Apenas para ilustrar, listo abaixo mais algumas disfunções vistas na prática em programas de inovação:

1 – Algumas contribuições não são ideias candidatas a inovação em si, mas sim enunciados de problemas, desejos reprimidos ou queixas das pessoas da organização.

2 – O programa de inovação pode ajudar a exacerbar conflitos interdepartamentais.

3 – Um grupo de inovação pode focar-se em gerar ideias somente para os outros, ou simplesmente dizer que “o problema são os outros”, como se não houvesse nada a melhorar localmente.

4 – No repasse de ideias de um polo a outro, pode haver problemas de “empurra-empurra” ou animosidades quando à aceitação de ideias “estrangeiras”.

5 – Sempre há o risco de haver análises críticas prematuras sobre as ideias.

6 – Os núcleos de governança e de mobilização podem ter dificuldade em manter “neutralidade” quanto às ideias geradas.

7 – Um contribuidor individual ou um grupo pode gerar uma ideia e depois não querer defendê-la ou levá-la a cabo (“gerei a ideia, mas não sou eu que tenho de por a mão na massa por ela”).

8 – A atuação da direção no âmbito do programa de inovação pode dar margem a pontos delicados:

·        Risco de ocorrer reações na hierarquia que bloqueiam a geração de ideias (indignação com alguma ideia, imposição, manipulação, censura ou deliberada apropriação da ideia)
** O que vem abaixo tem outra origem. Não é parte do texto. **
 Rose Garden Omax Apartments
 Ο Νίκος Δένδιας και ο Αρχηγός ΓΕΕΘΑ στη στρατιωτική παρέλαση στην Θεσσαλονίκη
·        Governança posar de “espião delator” no trânsito entre a direção e os grupos de inovação, revelando os conflitos subliminares entre os silos

·        Direção querer tirar uma ideia do sistema de inovação, colocando-a em outra rotina de forma atabalhoada (por exemplo, solicitando uma “fast lane” para ela, quebrando o necessário fluxo de análise)

9 – A premiação por geração de ideias pode, se não for concebida cuidadosamente, gerar disfunções:

·        Conflito entre Ideias individuais e ideias de um grupo

·        Combate a ideias de outros grupos

·        Foco no volume puro e simples de ideias

10 – Algumas ideias podem ser na verdade pedidos de permissão para realizar algo que já deveria estar sendo feito sem precisar da “benção” de ninguém.
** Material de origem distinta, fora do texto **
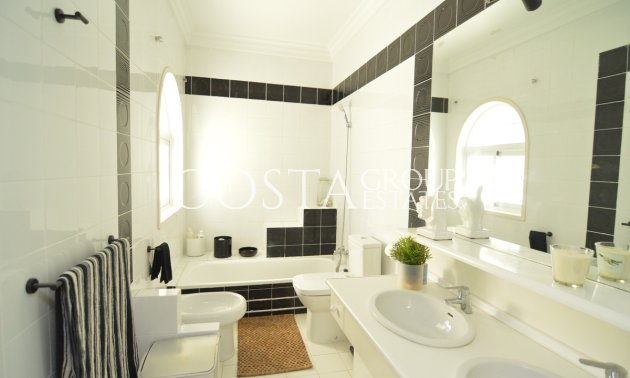 Herverkoop - Villa -
Torrevieja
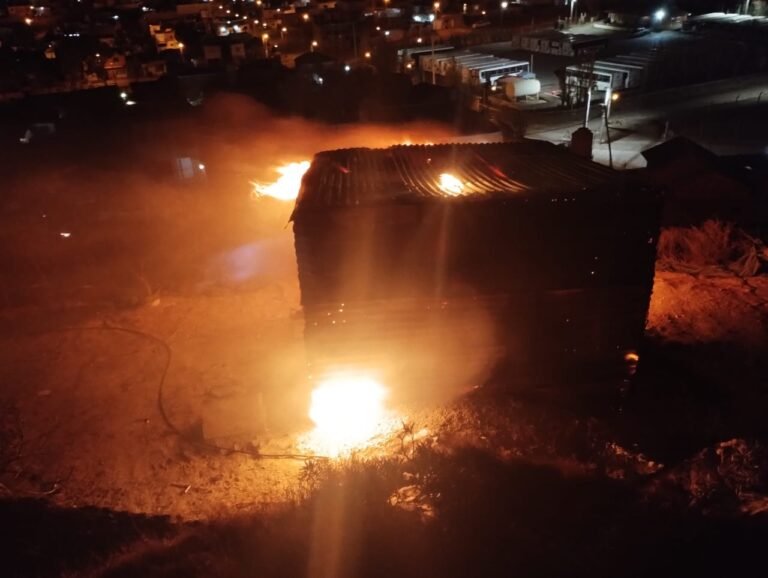 El fuego consumió una vivienda en la ladera del cerro Las Fresas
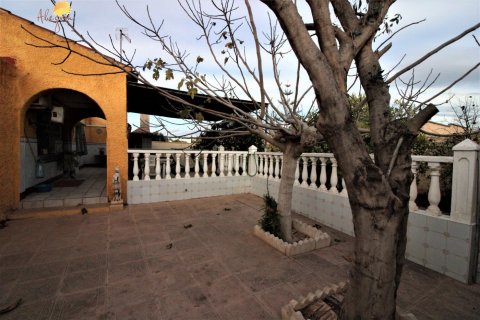 Villa for sale in Torrevieja, Alicante, Spain 2 bedrooms, 105 sq.m. No. 14029 - photo 1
11 – Algumas ideias podem ser do tipo “só coloquei isto porque precisava gerar ideias.”

12 – Algumas ideias podem ser do tipo “empurracionista” (“resolver o problema através da contratação de um especialista neste tipo de problema”).

13 – Ideias paradas no fluxo de análise ou tramitando muito lentamente, em meio a discussões academicistas sem fim.

A inovação e seus programas são uma necessidade real em grandes organizações, mas a implementação amadora é um perigo que pode jogar mais um assunto precioso na vala comum. Que isto seja alvo de cuidadosa reflexão.